_What you are asked to do:_
Reproduce the lines below exactly, from the one containing "La prima nevicata" through the one containing "Building Photo - 406 Shorewood Cir", both included. Leave out any pictures.

_Data records:_
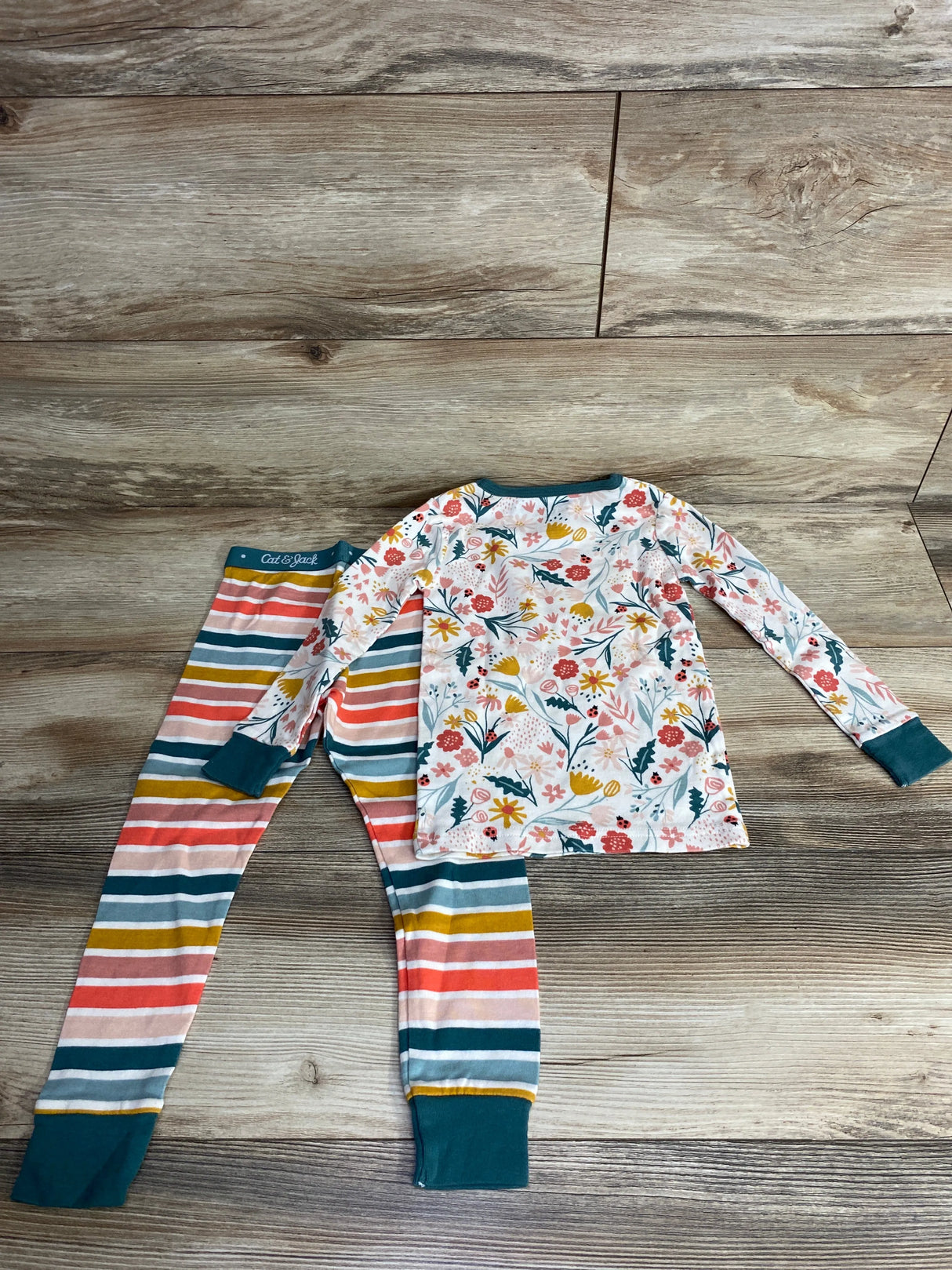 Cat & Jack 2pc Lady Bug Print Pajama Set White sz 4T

--

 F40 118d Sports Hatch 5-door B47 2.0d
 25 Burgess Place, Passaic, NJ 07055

--

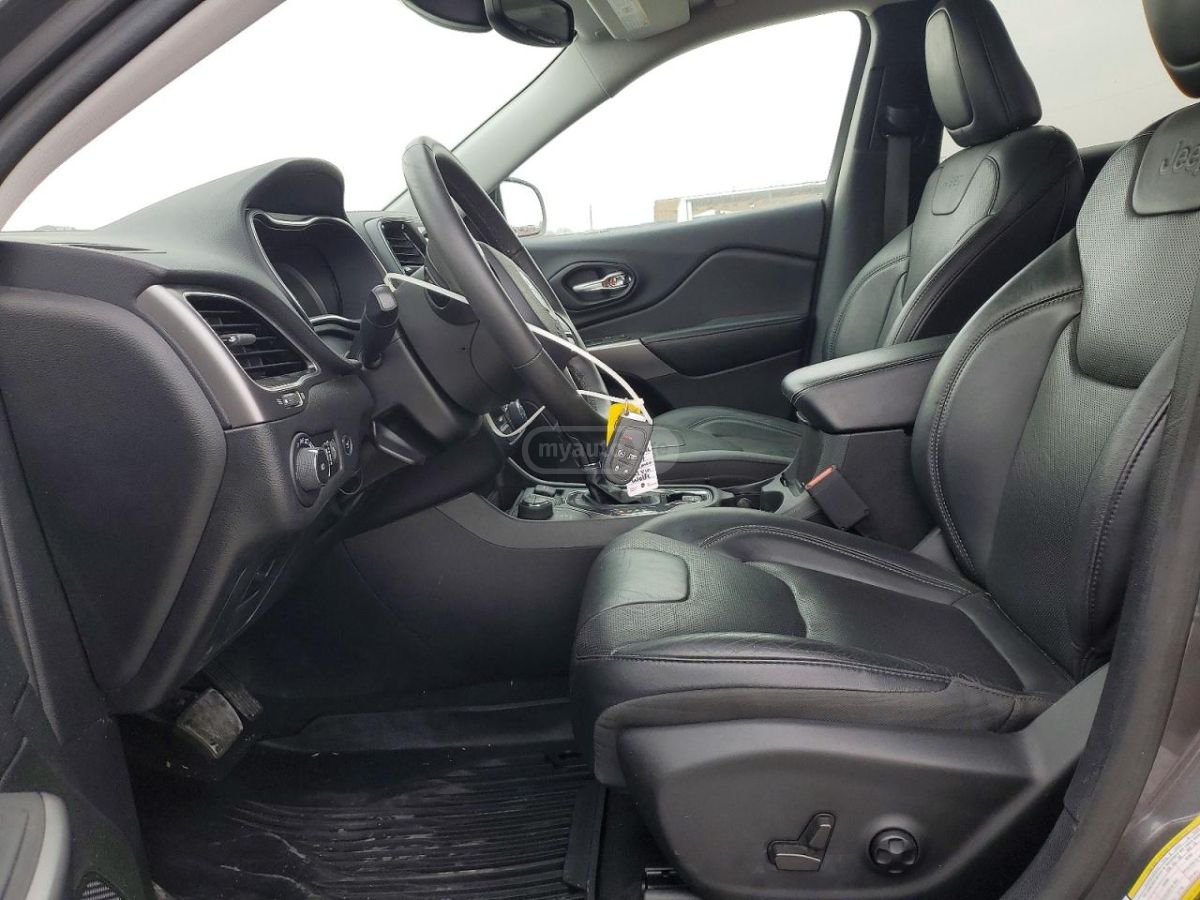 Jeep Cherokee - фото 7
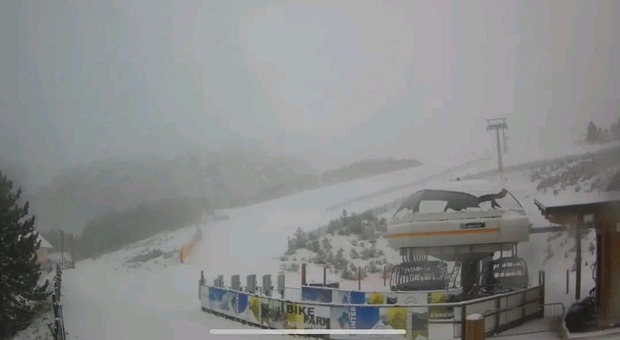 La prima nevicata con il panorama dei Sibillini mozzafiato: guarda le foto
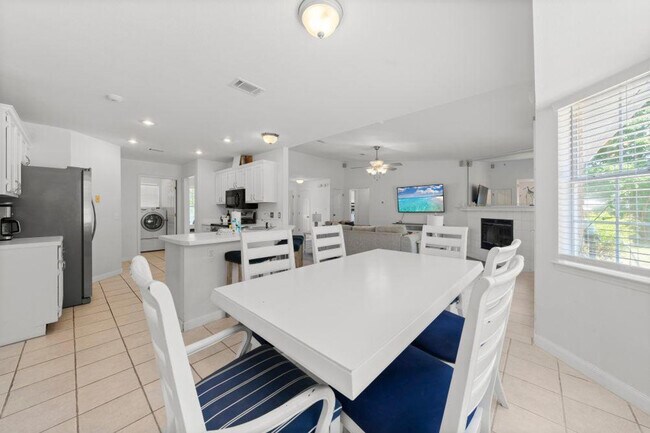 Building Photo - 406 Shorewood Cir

_Written answer:_
 La prima nevicata con il panorama dei Sibillini mozzafiato: guarda le foto
 Building Photo - 406 Shorewood Cir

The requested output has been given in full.